COURT OF APPEAL OF THE STATE OF CALIFORNIA FOURTH APPELLATE DISTRICT DIVISION TWO
Mar 6, 2012
E052146 (Cal. Ct. App. Mar. 6, 2012)

Opinion

E052146 Super.Ct.No. RIF147155

03-06-2012

THE PEOPLE, Plaintiff and Respondent, v. MELANIE SMITH, Defendant and Appellant.

Jerry D. Whatley, under appointment by the Court of Appeal, for Defendant and Appellant. Kamala D. Harris, Attorney General, Dane R. Gillette, Chief Assistant Attorney General, and Gary W. Schons, Assistant Attorney General, for Plaintiff and Respondent.


NOT TO BE PUBLISHED IN OFFICIAL REPORTS

California Rules of Court, rule 8.1115(a), prohibits courts and parties from citing or relying on opinions not certified for publication or ordered published, except as specified by rule 8.1115(b). This opinion has not been certified for publication or ordered published for purposes of rule 8.1115.

OPINION

APPEAL from the Superior Court of Riverside County. David B. Downing, Judge. Affirmed.

Jerry D. Whatley, under appointment by the Court of Appeal, for Defendant and Appellant.

Kamala D. Harris, Attorney General, Dane R. Gillette, Chief Assistant Attorney General, and Gary W. Schons, Assistant Attorney General, for Plaintiff and Respondent.

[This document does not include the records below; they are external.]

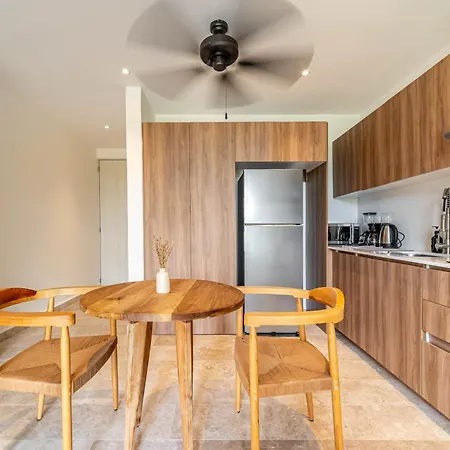 Lux With Private Balcony, Rooftop Pool, Gym Сasa de vacaciones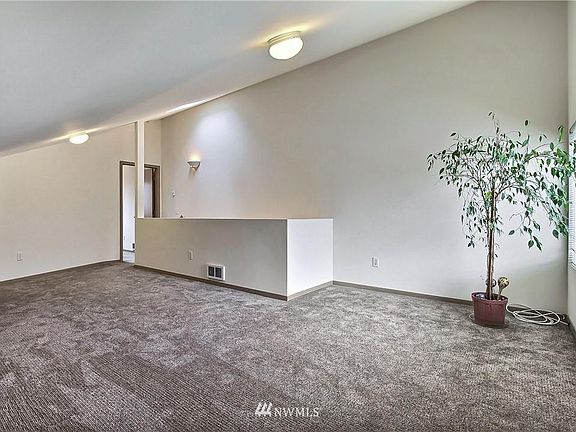 4th image of 10319 Midvale Ave N APT C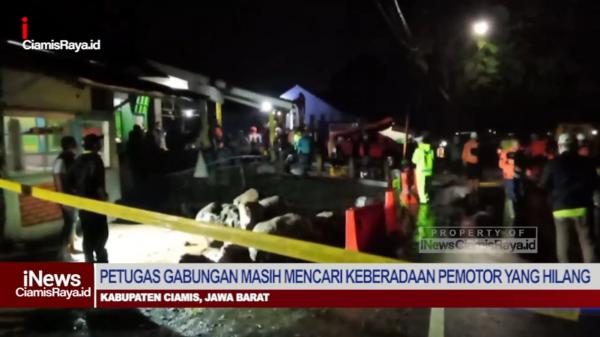 VIDEO: Seorang Pengendara Sepeda Motor di Ciamis Hanyut Terbawa Banjir, Korban Belum Ditemukan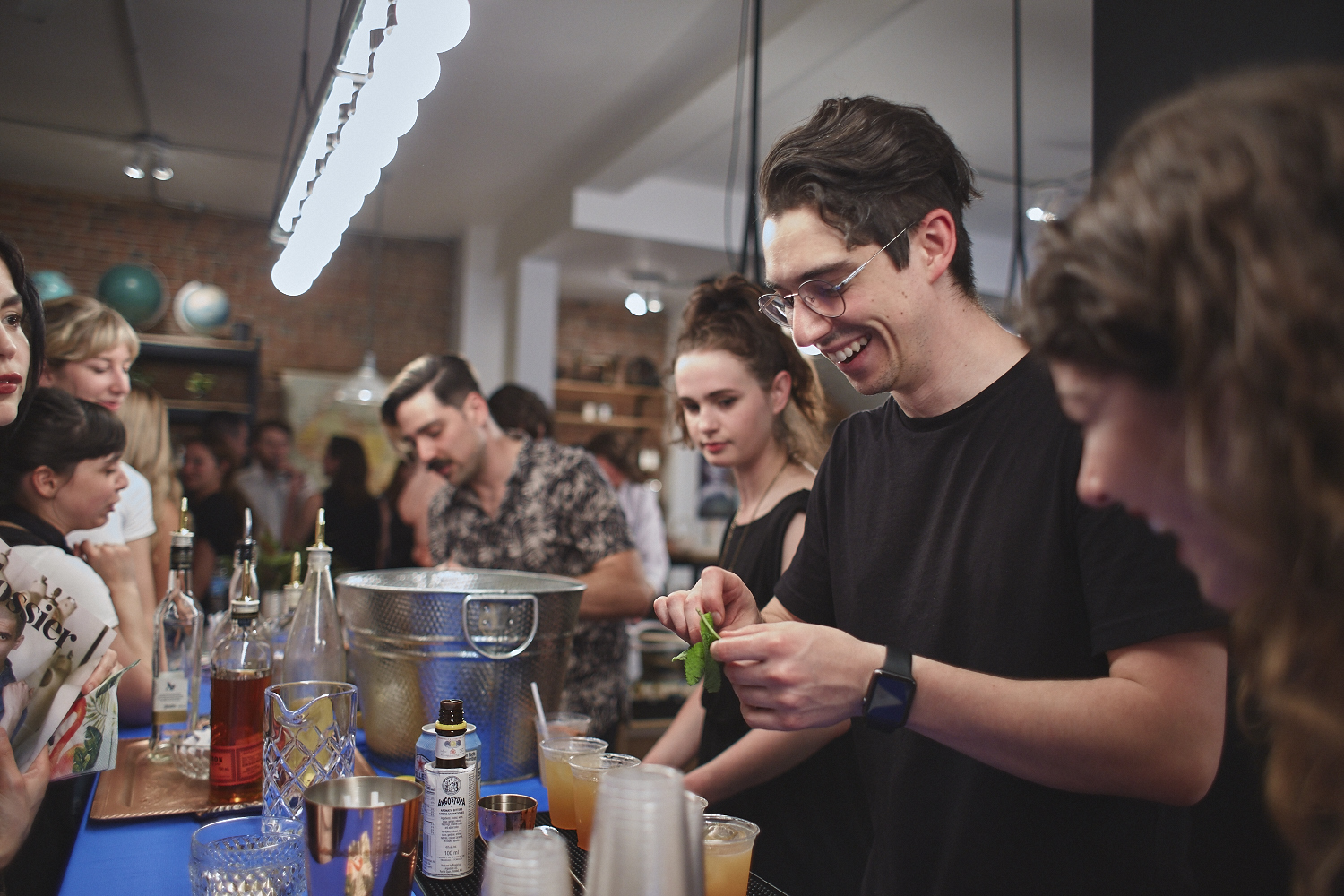 Le magazine Dossier lance son très beau premier numéro chez LOWELL MTL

Defendant Melanie Smith pleaded guilty to two counts of violating Revenue and Taxation Code section 19706, failing to file a tax return or willfully filing a false return, for her involvement in a large-scale prostitution ring based out of Palm Springs. She appeals from the victim restitution order that she pay $112,204.57 to the victim, the California Franchise Tax Board (FTB). She claims that under Proposition 9, known as the Victims' Bill of Rights Act of 2008 (Marsy's Law), any amount seized from her by the federal government based on her involvement in the prostitution ring should have been used to offset the amount she was ordered to pay in victim restitution in her criminal case prosecuted by the Riverside County District Attorney's Office.

I


FACTUAL AND PROCEDURAL BACKGROUND

The factual background is taken from the documents and exhibits filed in the trial court, and any hearings conducted.

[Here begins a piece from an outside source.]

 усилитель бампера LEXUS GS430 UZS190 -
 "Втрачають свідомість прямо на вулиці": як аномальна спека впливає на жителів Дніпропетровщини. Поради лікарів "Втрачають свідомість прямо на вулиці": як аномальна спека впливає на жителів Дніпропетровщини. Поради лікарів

This case involves assets seized by the federal government from the operation of a large-scale prostitution ring based in Palm Springs under the name Elite Enterprises and several other companies. A felony complaint had been filed in Riverside County Superior Court, case No. RIF131552, charging defendant with 28 counts involving loan fraud, pimping, and tax fraud.

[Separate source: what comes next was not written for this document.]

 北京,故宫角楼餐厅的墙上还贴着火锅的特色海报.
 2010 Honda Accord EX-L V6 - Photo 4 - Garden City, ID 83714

After defendant and several of her codefendants were arrested for their involvement in the prostitution ring, the Riverside County District Attorney's Office filed a temporary restraining order pursuant to Penal Code section 186.11, subdivision (g)(1). The application sought to restrain defendant and the other codefendants from transferring, encumbering, or secreting any of the property or assets they gained from the illegal prostitution ring. The request for a restraining order stated that the assets and property could be used to pay restitution and fines imposed pursuant to "Penal Code Section 186.11, subdivisions (c) and (d)." The assets to be seized included numerous bank accounts and any property in the control of defendant and Boaz Benmoshe, who was defendant's husband and a codefendant. Pursuant to a declaration, a special agent from the FTB had reviewed previous tax returns filed by defendant and Benmoshe, and they appeared to be fraudulent.

The trial court issued an order to show cause, and a temporary restraining order was granted. The order stated: "Nothing in this Order shall prevent the forfeiture of the assets under federal law." As discussed, post, a grand jury indictment was filed, and case No. RIF131552 was dismissed. There is nothing that explicates what further action was taken by the Riverside County District Attorney's Office to seize the assets.

On November 14, 2008, defendant, Benmoshe, four other men, and two women were charged in a 180-count indictment for their involvement in the prostitution ring. Defendant was charged with filing false tax returns in 2003, 2004, and 2005 in violation of Revenue and Taxation Code section 19705, subdivision (a)(1) (counts 4, 5, 6) and failing to file a tax return in 2006 in violation of Revenue and Taxation Code section 19706 (count 7). Defendant's request to have her case severed from those of the other codefendants was granted.

On October 2, 2009, the indictment was amended to add count 181, a violation of Revenue and Taxation Code section 19706, against defendant. Defendant pleaded guilty to counts 7 and 181, both violations of Revenue and Taxation Code section 19706. The first count was for underreporting personal income for the year 2002; the additional tax due to the FTB was $15,483.03. The second count was for failure to file a personal tax return in 2005; the tax due to the FTB was $64,079.09.

Defendant signed a written plea agreement. She agreed that she would receive five years' probation.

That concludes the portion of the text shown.